The décor of Folland’s fabricated kitchen is evocative of a very particular period in home furnishings, from the four-burner electric stove, to the laminex table-top, and the ubiquitous floral patterns. Combined with the title’s winking allusion to Better Homes and Gardens magazine – in continuous publication since 1925! – there is a palpable sense of nostalgia at play in this work. Folland recollects the characteristic aesthetic of late-60s to early-70s interior design with no small amount of fondness.

But this nostalgic recreation carries with it an unsettling connotation: this is a space in which time has been arrested, or at least, has ceased to pass in its normal regimented procession. The furniture tilts and the cupboard doors slam ominously. The space seems haunted by a kind of poltergeist activity, as though the room’s vanished inhabitants continue to shift and move through the space in a perpetual loop.

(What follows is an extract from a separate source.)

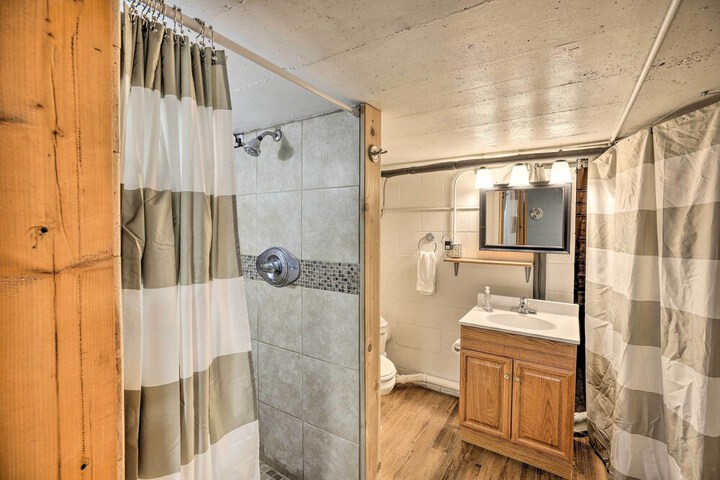 Sioux Center Split-level Home w / Game Room!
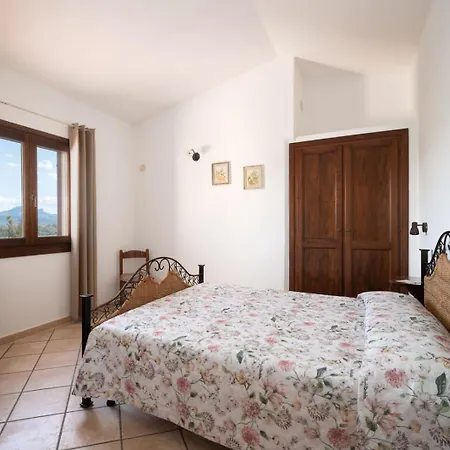 Residenza Sarra Di Entu *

The audience’s first glimpse of the installation is of its bare timber construction. The precarious lean of the structure is reminiscent of Dorothy Gale’s weatherboard Kansas farmhouse, uprooted from its foundations by an immense twister and hurled down into the land of Oz; one almost expects to see a pair of ruby red slippers protruding from the improvised architecture. The audience’s approach to the work deliberately conjures associations with the backstage of the theatre, as we slip between the black walls and the reverse side of the set. We observe the work from the perspective of the invisible fourth wall, peering into something akin to a museum diorama, or a play after all the actors have fled the stage.

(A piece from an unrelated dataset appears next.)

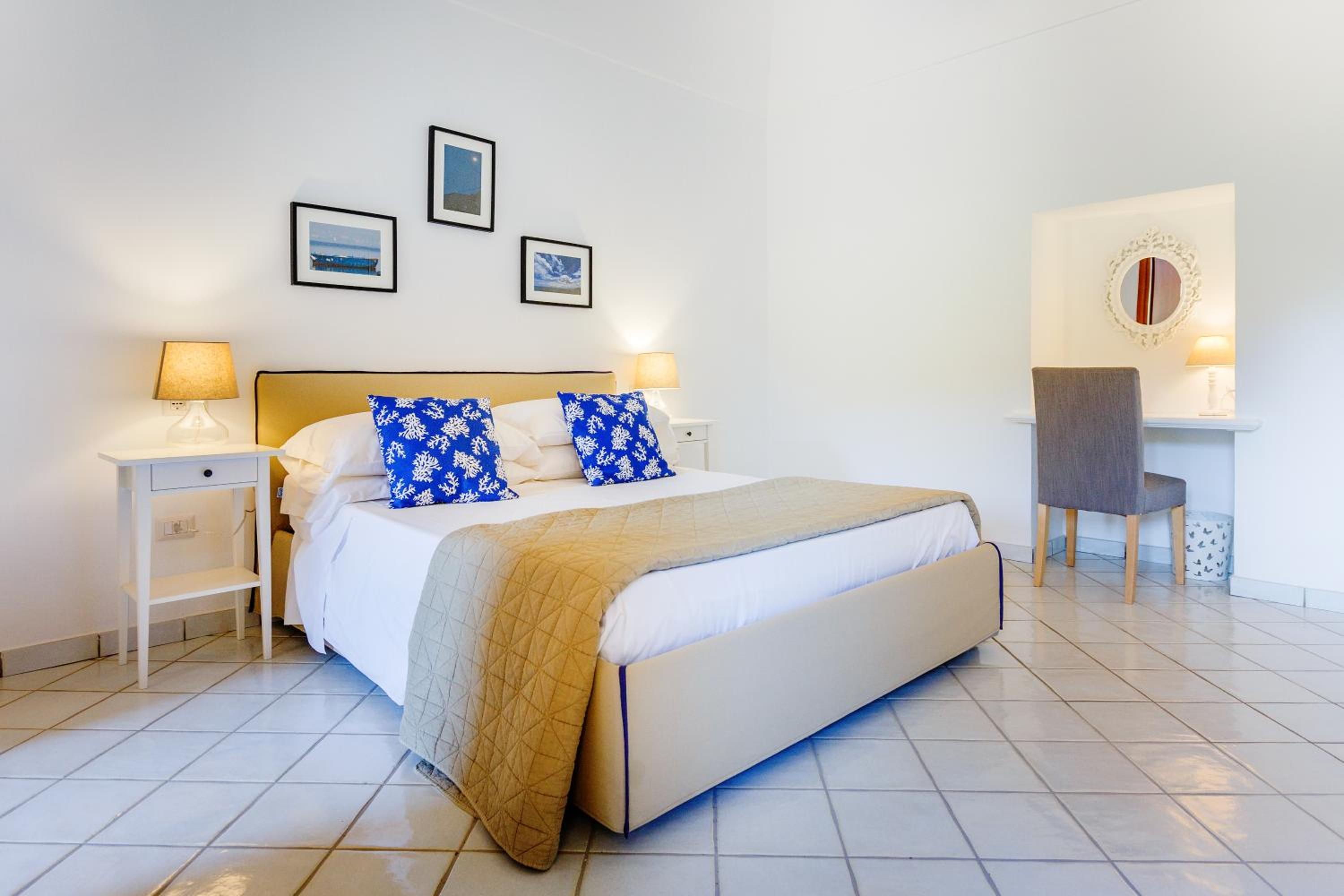 Casa Assunta B&B en Vico Equense — hotel room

The artist, seeking to destabilise his audience, accentuates this sense of artificiality. Folland makes no attempt to disguise the mechanisms by which this kinetic sculpture operates, adverse as he is to trickery and illusion. The flimsy, thin walls of the structure

creak and groan under pressure from the motors affixed to the gallery walls. This sense of an art work designed to tear itself apart reminds one of Chris Burden’s Samson (1985), in which two timber girders attached a 100-ton jack slowly pushed apart the walls of the gallery, the tension increasing each time a new visitor passed through a linked turnstile. Or, of course, Jean Tinguely’s famous self-destroying sculpture, Homage to New York (1960), which tore itself to pieces on the lawn before the Museum of Modern Art. The soundscape of screeching of motors and the creak of warping timber generates an air of imminent doom.

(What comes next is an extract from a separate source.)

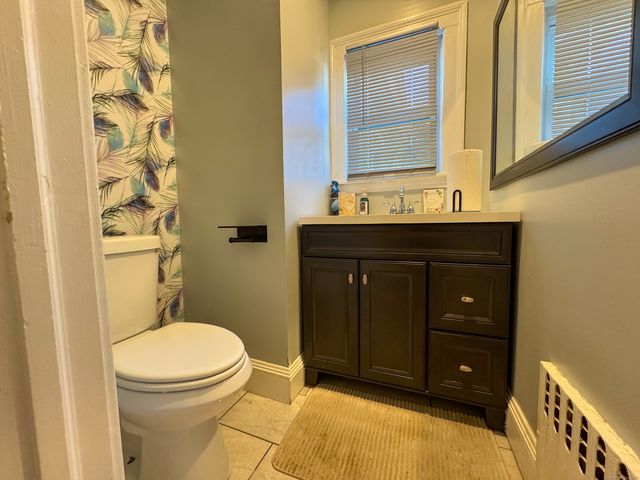 1589 Main Street, East Hartford, CT 06108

Throughout much of Folland’s oeuvre, natural forces, formerly governed and harnessed through human ingenuity, run rampant and exhilaratingly disrupt cosy domestic scenes. In Folland’s world, torrents of water cascade from overflowing plumbing, and freezer units encase the fittings and fixtures in layers of ice. In Other Homes and Gardens, the floral pattern of the wallpaper has spread with an alarming abundance, covering every available surface, like the thorny thicket that swallows up the castle of Sleeping Beauty. Appropriately, this pattern is made entirely from thousands of individual vegetable prints. This is a reality in which the idea of the Anthropocene has been inverted, depicting humankind at the mercy of dangerous and implacable natural forces.

The creaking fragility of Folland’s structure evokes the precarity of human civilisation in the face of natural disaster. The worryingly listing walls and rolling furniture recalls Thomas Demand’s stop-motion animated film Pacific Sun (2012), in which the artist recreated the footage from the security camera in the titular cruise liner’s cafeteria, in the moments after it was struck by a tidal wave. Subtle shifts give way to calamitous side-to-side hurling of furniture. Both Demand and Folland describe natural calamities, not through direct illustration, but rather via their impact on sites of comfort and security. We don’t see the hurricane or the tsunami, but we feel its reverberations.

Nicholas Folland is the master of the uncanny domestic scene, the sense of banal reality made strange and terrifying. The kitchen of Other Homes and Gardens is at once a comfy, nostalgic space, and a topsy-turvy haunted house. What seems a humble space hums with foreboding, hinting at environmental catastrophe just beyond its shell-like walls.